Friday of the Fifteenth Week in Course 2025
Have you ever wondered just why it was that the Pharisees, who seemed to be everywhere Jesus went, were such prigs? These days we might even call the “Karens,” although I’ve known real Karens and they weren’t so judgmental as the Pharisees. I think the first reading from Exodus might give us a way to answer the question.
The people of Israel had two or three thousand years of history with their God, who is called “The Lord” instead of the mysterious YHWH, a term only invoked by the High Priest on Yom Kippur. Exodus tells us of the stressful and bloody beginnings of the relationship, with the many plagues visited on Egypt leading up to the night we just read about. The Lamb of Passover is killed and broiled and shared, and its blood is sprinkled on the lintels of the doors of the Hebrew’s shacks. Every ritual is carefully choreographed. Over the next couple of thousand years the Hebrews, now enlightened by Torah, fell in and out of the good graces of God, mostly out by worshipping the false gods of Canaan. They even had to endure a couple of exiles, and lots of them died.
What was left in the first century—the century of Jesus—is a people in servitude to Rome, with leadership split between Pharisee and Sadducee, Zealot-revolutionary and Essene, and the ordinary Jew, paying too high a tax rate and scraping by to feed his family. But all of them were survivors, in the strict sense, each party with its own quirks. The Pharisees stood behind the Law and watched for any upstart trying to bring disobedience on their heads. And that’s what they saw in Jesus and his disciples, which today looked like Sabbath-breaking locusts eating their way through fields they didn’t own and hadn’t tended.
Our psalm today is a Passover thanksgiving hymn, one probably sung by Jesus and His followers at each annual Seder gathering. It recalls the witness and death of so many of their ancestors at the hands of the various conquerors of the nation but calls those deaths “precious” to the Lord, in Whom the Pharisees trusted for resurrection from death.
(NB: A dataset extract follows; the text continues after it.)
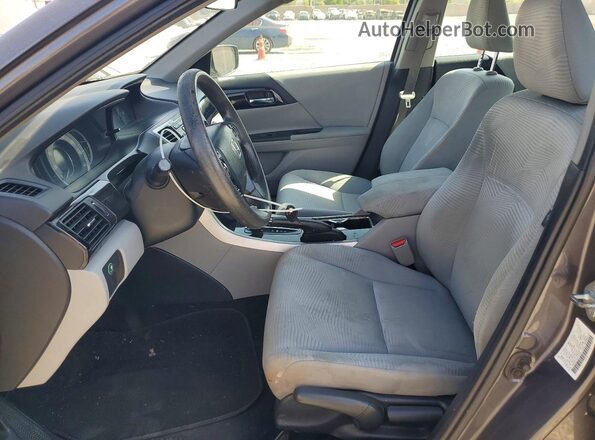 1HGCR2F37GA105835 2016 HONDA ACCORD Gray წინა სალონის ხედი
The discussion between the accusing Pharisees and the innocent followers of Christ was a kind of crisis of early discipleship. Jesus was looking forward to the years after His own time on earth when His apostles would go to the ends of the earth, spreading His gospel of faith, hope and charity. His missionaries would go out and take “no staff, no bag, no bread, no money, no extra shirt.” They would sometimes be walking between towns on the Sabbath, and might find themselves in a similar situation, needing to eat but having no way to pay at a drive-through inn. Jesus responded to the Pharisaical complaint with a couple of examples of important Hebrews violating the letter of the law as expanded from the Ten Commandments. But those historical Hebrews were innocent because of their need on mission. And, besides that, someone greater than Moses, the very Lawgiver Himself, was leading the way, and the griping Pharisees because of their inability to hear His Word, were only missing out on the greatest Sabbath of them all.